40歳になってから惑った糸井重里の転身に学ぶ事 別の経験をした余裕が他の道筋に気づかせてくれる
あの糸井重里でも長く暗いトンネルに入った時期があったとは意外だった。たしかに40歳にもなれば、勢いという意味では若い頃のようにはいかない。どんな仕事においても単なるプレーヤーだけではすまされなくなる。夫婦関係や子育てなど家庭においても変化が生じやすい時期だ。彼もそうした中でもがいていたのかもしれない。1つの転機でもあったのだろう。
糸井の話は、「もう一度、人生が始まる」と考える中高年の後輩に対して、またとないアドバイスであり、先達からの励ましだとも言える。同時にその当時のもがいた経験が次のステップにつながることも教えてくれる。

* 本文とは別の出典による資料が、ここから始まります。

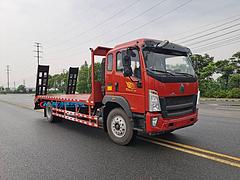重汽豪沃G5X单桥挖机拖板车  国六潍柴220马力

糸井が語る40歳を越えたタイミングでの悩みは、寿命が急速に延びた現代人において共通している問題であろう。私の取材でも40歳を過ぎたあたりから迷い出す人は本当に多い。中年期で転換点が訪れて、「働くことの意味」や「生きることは何か」を自ら問い直すようになる。現代人のライフサイクル上の課題として生じるものだと言ってもいいかもしれない。

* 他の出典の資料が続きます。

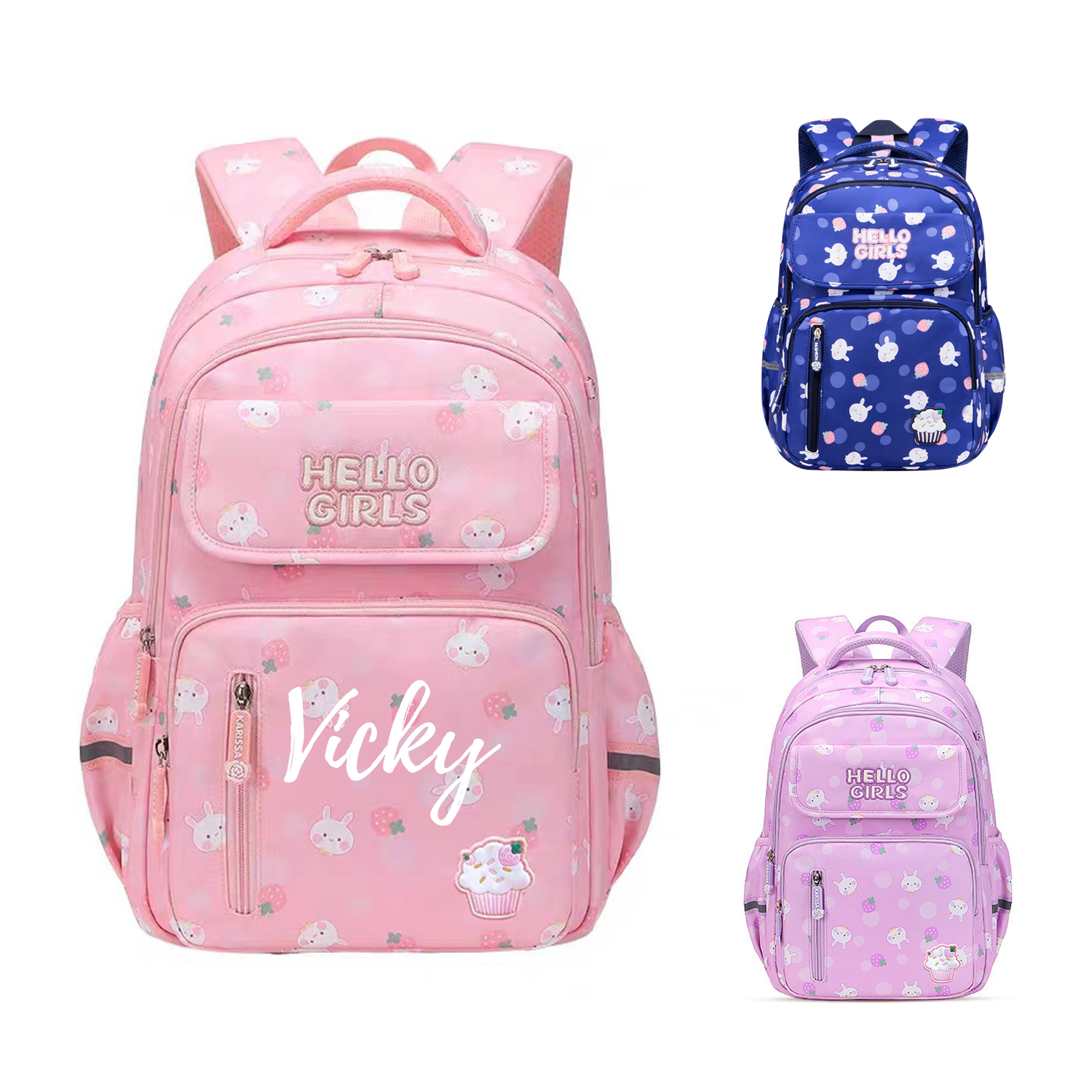 Cute Girl Oxford Backpack 9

人生の後半戦を今まで通りの右肩上がり的な働き方を続けることはできない。どこかで新たな価値観で生き直すことが求められる。ただその切り替えは簡単ではない。糸井の場合は、いったん釣りに没入することによってその危機を乗り切ることができたと語っているように思える。
道草の効能
私が主宰する研究会に何度も出席して、ことあるごとに意見交換をしてきた岩瀬正和さんは、大学を卒業して大手鉄道会社に入社。駅での勤務や支社、人事課、営業本部などを経験して、20代はがむしゃらに働いた。30代の初めに退職して出家。高野山真言宗の布教研究所の教化研究員として巡礼での若者の変容研究を行うとともに、若者たちと一緒に四国遍路の先達として歩き続けた。

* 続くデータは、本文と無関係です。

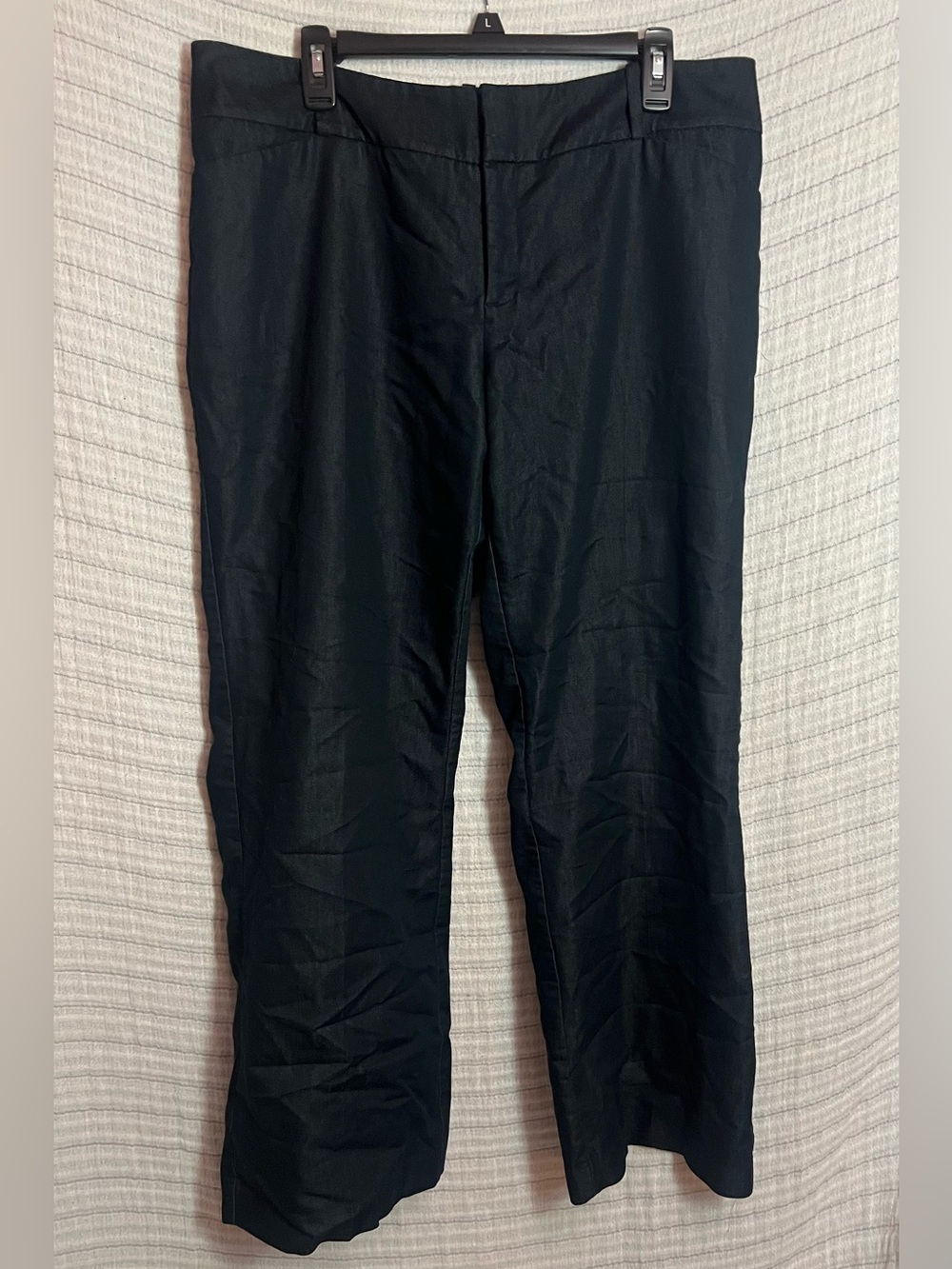 Mossimo Supply Co. Wide Leg Trouser Pants — Midnight Blue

実家がお寺というわけではないが、以前から仏教にも興味を持っていた。大学時代はバブル期真っただ中だったが、当時の雰囲気には馴染めなかった。そしてスペイン巡礼やスリランカ巡礼など、海外にも足を運んだ。その後地元に戻り、塾で中高生や浪人生に英語を数年間教えた。本人は巡礼や英語講師を通して若者と触れ合うことで自然や人々との一体感を感じたという。
その後、会社員時代の同期入社の友人から声がかかった。会社が取り組む大規模なターミナルの駅ビル開発やそこでのテナント誘致の仕事に携わることになる。8年ぶりに会社員生活に戻って、さまざまな立場の人と一緒に仕事をしたのである。いろいろな意味で勉強になることが多かったという。